The data:
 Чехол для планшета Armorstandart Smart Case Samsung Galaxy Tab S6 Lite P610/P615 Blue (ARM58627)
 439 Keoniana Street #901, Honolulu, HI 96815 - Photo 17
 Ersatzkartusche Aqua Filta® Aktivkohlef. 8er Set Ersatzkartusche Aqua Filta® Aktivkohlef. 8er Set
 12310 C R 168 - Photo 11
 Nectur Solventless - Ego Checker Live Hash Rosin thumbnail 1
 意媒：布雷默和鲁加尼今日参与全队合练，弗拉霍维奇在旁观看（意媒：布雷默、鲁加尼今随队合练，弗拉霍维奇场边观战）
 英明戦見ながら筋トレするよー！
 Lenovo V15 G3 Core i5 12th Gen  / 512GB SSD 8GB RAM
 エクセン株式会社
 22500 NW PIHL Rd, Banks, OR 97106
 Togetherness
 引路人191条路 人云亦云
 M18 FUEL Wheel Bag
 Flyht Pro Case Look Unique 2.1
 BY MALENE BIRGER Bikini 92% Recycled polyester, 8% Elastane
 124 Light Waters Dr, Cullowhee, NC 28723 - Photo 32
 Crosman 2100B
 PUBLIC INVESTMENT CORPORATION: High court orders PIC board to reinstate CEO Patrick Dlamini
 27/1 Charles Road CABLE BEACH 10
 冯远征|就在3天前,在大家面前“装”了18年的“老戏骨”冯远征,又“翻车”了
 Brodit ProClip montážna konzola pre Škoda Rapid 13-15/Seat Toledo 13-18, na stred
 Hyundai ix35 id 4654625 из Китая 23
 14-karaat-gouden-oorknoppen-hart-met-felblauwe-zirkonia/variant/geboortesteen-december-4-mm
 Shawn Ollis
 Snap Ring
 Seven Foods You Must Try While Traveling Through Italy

Activity: Lines from the one containing "Hyundai ix35 id 4654625 из Китая 23" through the final line of the entries above are to be output exactly; omit all others.

Exercise answer:
 Hyundai ix35 id 4654625 из Китая 23
 14-karaat-gouden-oorknoppen-hart-met-felblauwe-zirkonia/variant/geboortesteen-december-4-mm
 Shawn Ollis
 Snap Ring
 Seven Foods You Must Try While Traveling Through Italy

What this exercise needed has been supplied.